While the designers showing at London Fashion Week revel in a certain well-defined individualism, a handful of trends were inescapable during the SS24 shows. We break down the LFW SS24 trends that dominated the runways.
“London is back”. It was a phrase oft-whispered during London Fashion Week SS24. Indeed it seems London has rediscovered its footing, offering up a delicious mix of established heavyweights (Erdem, Burberry), industry darlings (JW Anderson, Richard Quinn) and emerging heroes (Chopowa Lowena, KNWLS). There was even a single Scandinavian brand on the calendar (Holzweiler).

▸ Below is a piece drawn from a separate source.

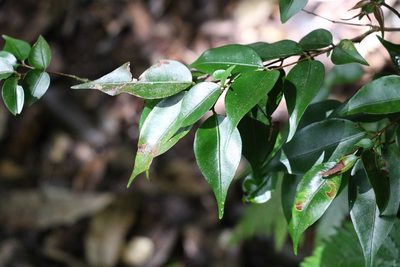 Decaspermum humile, photographed by Greg Tasney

While many of those showing in London have a well-defined aesthetic that subverts the notion of trends – Molly Goddard’s exploding tulle, Simone Rocha’s bow-heavy fantasy – there were a handful of recurring themes that seemed inescapable. Here, we break down the trends of the season. Consider them something to look forward to post-winter.

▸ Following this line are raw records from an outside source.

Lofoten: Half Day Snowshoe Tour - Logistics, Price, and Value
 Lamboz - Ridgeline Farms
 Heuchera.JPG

The biker jacket, an indie-sleaze staple, makes its triumphant return. Or perhaps it never left. This season’s iterations are studded and pierced, oft worn over a soft flowing frock to add some effortless edge. Even designers with the most delicate tendencies – Erdem, Simone Rocha – couldn’t resist its guitar-heavy siren song.

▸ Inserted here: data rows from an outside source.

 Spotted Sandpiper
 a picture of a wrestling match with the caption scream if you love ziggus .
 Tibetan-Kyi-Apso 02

The dropped waist gives way to sleek, extended torsos. An elegant expression when applied to floor-sweeping frocks and, most unexpectedly, Daniel Lee's latest Burberry trenches.
The preferred suit jacket of the season came oversized and double breasted. A no-fuss approach to smart tailoring that’s both country club-ready and impossibly cool.
Take the Tube
Teeny-tiny tube tops are back, baby. Worn with low slung trousers at Mowalola and Fashion East or with a prim and proper skirt at Molly Goddard, the tube top showed us its multiple personalities this season.
Hips Don't Lie
The sexiest whisper of skin to flash this season is the hip, exposed by way of cut outs, hiked up panties and high-cut bodysuits.
Flowers for Spring
Groundbreaking… really. In addition to the endless interpretations of florals found across garments, there were a notable number of actual flowers – carried by models, blooming from bags and, in the case of Simone Rocha, sewn into frocks. A wallet-friendly undertaking ripe for the plucking.